京都の起伏に潜む物語発掘 高低差崖会(がっかい)発足
- 新京極通三条下ルの通称「たらたら坂」(京都市中京区)も豊臣秀吉の京都改造に起源がある。当時は低地(鴨川の河原)で、ここに三条通を延長した際、路面が周囲よりも高く造られ、後世に整備された新京極通との高低差が生まれたという
京都の地形の起伏から街の歴史や物語を読み解く「京都高低差崖会(がっかい)」が結成された。街歩きツアー「まいまい京都」の市民ガイドが中心となり、なぜあちこちに起伏が生じているのかをブログで解説し、現地で高低差を体感するツアーも行っている。
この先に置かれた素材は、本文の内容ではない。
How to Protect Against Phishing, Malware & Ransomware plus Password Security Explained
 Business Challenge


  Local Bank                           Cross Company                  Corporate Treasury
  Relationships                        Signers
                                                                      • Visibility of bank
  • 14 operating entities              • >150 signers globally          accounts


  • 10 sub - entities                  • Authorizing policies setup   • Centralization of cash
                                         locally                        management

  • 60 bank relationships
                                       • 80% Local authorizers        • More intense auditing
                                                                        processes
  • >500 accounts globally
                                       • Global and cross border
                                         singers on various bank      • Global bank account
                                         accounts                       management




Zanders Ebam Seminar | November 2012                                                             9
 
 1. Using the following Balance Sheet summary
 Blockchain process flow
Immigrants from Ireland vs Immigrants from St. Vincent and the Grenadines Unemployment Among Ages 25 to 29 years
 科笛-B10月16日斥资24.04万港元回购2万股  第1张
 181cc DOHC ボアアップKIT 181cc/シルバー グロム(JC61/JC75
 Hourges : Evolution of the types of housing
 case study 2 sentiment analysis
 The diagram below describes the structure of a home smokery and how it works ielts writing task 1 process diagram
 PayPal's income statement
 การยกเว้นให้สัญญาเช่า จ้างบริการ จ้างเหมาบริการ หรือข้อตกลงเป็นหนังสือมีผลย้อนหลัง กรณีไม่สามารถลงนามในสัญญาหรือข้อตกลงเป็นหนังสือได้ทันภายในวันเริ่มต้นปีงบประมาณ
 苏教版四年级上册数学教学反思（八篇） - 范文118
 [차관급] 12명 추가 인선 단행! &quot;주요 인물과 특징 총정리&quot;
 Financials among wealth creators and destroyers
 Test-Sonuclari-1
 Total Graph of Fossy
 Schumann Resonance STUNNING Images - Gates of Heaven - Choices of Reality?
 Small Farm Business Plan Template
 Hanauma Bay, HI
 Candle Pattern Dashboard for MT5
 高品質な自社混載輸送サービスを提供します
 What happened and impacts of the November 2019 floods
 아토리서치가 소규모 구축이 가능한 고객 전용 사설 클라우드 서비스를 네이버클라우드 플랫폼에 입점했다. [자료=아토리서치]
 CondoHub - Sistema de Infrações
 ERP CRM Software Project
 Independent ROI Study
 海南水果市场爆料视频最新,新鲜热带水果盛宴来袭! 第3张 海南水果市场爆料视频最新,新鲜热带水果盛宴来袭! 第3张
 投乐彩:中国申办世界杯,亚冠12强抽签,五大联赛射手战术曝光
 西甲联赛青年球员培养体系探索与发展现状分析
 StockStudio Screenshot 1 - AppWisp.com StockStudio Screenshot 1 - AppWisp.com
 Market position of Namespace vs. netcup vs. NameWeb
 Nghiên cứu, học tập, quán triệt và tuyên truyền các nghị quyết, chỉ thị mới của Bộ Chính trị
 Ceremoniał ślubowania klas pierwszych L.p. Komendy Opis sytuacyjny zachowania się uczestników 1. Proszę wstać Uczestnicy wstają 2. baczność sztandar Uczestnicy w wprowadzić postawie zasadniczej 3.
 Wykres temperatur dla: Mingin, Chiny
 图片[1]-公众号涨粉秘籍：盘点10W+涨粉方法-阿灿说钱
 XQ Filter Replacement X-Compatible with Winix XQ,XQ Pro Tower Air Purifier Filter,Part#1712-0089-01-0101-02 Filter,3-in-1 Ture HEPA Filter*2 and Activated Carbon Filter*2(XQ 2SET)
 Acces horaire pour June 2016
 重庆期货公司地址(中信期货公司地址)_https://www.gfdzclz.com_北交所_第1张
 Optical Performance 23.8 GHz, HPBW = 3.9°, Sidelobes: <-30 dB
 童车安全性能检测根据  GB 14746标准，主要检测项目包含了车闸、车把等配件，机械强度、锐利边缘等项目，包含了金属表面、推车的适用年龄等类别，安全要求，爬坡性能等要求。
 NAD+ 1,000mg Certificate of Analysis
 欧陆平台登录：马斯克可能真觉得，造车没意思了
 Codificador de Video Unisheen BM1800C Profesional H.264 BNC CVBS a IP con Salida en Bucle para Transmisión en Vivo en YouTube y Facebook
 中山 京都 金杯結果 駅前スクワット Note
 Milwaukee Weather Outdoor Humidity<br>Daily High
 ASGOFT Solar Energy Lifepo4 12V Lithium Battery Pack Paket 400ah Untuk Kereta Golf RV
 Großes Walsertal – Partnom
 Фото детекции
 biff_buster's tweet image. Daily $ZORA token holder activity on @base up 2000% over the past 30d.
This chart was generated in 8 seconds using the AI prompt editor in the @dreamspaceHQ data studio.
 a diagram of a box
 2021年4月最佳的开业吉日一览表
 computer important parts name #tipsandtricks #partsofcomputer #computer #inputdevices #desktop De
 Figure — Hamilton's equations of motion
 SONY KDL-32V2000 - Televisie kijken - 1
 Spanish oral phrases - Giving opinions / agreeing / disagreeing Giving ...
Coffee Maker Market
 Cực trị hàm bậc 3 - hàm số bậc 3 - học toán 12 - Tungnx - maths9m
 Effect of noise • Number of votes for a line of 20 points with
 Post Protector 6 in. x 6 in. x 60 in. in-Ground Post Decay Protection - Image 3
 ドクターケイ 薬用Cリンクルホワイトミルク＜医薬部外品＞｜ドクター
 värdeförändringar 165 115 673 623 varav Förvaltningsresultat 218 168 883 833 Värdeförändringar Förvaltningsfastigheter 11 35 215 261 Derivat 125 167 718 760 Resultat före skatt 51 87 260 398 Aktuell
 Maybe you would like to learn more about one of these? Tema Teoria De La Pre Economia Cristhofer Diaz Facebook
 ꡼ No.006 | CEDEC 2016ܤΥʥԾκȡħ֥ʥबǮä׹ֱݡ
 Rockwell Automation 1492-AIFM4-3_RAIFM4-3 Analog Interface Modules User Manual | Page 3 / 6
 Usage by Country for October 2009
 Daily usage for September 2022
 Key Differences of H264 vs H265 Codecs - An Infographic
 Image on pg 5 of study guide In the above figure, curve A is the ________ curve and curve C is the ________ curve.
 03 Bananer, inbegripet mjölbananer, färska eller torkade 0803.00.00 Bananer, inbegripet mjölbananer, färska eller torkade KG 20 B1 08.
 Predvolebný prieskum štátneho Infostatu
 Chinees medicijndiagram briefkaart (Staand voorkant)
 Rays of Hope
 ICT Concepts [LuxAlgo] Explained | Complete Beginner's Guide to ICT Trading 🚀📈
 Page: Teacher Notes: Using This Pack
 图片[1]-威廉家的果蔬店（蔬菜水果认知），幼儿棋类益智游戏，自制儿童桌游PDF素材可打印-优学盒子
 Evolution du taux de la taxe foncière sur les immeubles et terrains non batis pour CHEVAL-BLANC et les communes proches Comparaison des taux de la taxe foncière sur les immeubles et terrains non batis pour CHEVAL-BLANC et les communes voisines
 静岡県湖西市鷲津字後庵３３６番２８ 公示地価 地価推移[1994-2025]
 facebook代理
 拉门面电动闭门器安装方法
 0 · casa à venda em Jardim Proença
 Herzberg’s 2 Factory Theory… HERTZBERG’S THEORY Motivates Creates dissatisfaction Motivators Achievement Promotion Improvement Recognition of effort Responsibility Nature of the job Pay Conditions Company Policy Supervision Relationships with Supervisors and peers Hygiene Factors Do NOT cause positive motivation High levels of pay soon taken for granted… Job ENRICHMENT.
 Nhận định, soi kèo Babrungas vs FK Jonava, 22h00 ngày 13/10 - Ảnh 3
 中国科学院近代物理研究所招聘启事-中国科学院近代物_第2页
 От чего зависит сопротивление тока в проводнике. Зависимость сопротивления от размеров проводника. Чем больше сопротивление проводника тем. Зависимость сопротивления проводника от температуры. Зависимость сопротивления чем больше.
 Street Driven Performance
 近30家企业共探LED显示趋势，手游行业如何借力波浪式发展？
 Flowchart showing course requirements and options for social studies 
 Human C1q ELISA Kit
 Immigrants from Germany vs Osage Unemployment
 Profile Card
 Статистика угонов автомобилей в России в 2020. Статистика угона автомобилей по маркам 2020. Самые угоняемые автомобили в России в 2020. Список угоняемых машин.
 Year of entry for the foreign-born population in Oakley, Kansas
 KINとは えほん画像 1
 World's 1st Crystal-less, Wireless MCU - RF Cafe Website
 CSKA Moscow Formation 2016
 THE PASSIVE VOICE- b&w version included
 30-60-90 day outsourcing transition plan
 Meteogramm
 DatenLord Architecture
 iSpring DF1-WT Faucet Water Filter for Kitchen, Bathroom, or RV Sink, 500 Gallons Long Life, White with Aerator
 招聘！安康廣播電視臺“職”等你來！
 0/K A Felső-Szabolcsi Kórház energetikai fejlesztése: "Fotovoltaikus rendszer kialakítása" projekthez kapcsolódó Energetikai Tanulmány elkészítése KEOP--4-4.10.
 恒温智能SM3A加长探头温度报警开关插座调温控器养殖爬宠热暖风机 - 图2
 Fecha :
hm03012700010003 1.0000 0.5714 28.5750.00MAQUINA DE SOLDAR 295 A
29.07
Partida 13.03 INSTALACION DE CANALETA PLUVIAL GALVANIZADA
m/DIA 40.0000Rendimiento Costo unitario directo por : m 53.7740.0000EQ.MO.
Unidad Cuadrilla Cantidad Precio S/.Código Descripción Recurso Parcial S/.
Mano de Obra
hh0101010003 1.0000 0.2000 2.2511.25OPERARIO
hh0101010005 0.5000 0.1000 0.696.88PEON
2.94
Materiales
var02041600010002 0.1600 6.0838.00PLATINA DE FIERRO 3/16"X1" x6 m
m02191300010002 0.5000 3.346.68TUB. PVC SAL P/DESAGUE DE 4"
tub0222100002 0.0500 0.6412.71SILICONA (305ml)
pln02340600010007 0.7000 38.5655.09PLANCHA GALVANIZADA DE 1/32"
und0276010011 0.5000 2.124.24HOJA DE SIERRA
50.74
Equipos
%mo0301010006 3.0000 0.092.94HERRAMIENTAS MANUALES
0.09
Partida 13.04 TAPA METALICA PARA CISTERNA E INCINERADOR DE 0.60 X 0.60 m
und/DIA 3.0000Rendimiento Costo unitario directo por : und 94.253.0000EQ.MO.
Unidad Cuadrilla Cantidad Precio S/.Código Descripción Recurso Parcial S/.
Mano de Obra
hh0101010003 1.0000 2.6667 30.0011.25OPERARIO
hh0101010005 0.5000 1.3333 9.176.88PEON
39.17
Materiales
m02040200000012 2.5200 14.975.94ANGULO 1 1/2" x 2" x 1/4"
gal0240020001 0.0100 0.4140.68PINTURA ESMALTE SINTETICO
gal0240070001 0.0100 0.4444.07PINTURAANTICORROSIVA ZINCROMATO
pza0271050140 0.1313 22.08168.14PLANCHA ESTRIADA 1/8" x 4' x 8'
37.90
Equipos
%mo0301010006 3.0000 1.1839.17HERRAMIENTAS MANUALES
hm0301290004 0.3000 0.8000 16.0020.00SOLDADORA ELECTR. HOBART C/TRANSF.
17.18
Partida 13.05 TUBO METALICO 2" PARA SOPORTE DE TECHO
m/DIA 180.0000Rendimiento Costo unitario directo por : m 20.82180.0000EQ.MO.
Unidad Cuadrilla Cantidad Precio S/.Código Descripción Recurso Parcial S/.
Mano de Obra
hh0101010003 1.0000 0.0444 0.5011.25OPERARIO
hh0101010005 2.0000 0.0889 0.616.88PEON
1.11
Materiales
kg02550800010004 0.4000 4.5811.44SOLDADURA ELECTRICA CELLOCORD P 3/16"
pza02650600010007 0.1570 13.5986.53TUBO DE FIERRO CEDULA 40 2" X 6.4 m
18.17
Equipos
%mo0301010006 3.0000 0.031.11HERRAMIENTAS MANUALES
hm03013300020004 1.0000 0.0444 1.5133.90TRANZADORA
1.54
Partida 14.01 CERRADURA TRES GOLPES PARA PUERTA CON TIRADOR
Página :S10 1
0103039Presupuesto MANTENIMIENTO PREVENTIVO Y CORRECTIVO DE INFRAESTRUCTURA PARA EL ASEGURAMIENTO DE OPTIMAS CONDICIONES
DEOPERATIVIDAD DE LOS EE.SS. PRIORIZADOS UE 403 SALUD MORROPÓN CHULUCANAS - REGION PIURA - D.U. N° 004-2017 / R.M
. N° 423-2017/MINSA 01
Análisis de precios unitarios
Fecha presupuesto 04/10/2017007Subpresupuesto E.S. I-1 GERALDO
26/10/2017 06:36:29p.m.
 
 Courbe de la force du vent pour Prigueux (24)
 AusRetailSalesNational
かすかな地形の変化に潜む京都の奥深さを発信している。
NPO職員の梅林秀行さん(40)=京都市北区=が、代表に当たる「崖長(がけちょう)」となり、今春発足した。街を歩いて気付いた高低差について古地図や文献を調べ、現地写真とともにブログで分かりやすく紹介している。
例えば、豊臣秀吉が都を囲む城壁として築いた「御土居」。今も市内に遺構が点在するが、梅林さんは北区大宮に残る御土居の一部がラクダのこぶのように波打つ形になっていることに疑問を抱いた。調べると、その凹凸の部分に重なるように西賀茂断層が走っていることが分かった。「地表のたわみが土塁に変化を与えた」とみる。
秀吉が築いた「大仏殿」の基壇跡が、今も広大な台地として豊国神社(東山区)の裏に残ることも紹介。江戸期の絵図などを引用して当時の土木工事の大きさを解説した。
また、上御霊前通と小川通の交差点(上京区)に残る緩やかな傾斜といったマニアックな事例も。昭和初期から戦後にかけての町並みを記録した「京都市明細図」で、小川通が暗きょになる前には橋があったことを確認し、現在の起伏はその名残だと説明する。道路端には一対のコンクリートの物体があり、橋脚の遺構ではないかとつづる。
梅林さんはこれまでに宇治市の太閤堤跡を巡るなどのツアーを行っている。「京都の高低差の背景には、自然と人間の営みの強烈なぶつかり合いがある。その劇的な出合いを多くの人に伝えたい」。フィールドワークと称するツアーは月1回実施しており、フェイスブックを通じて予約を受け付けている。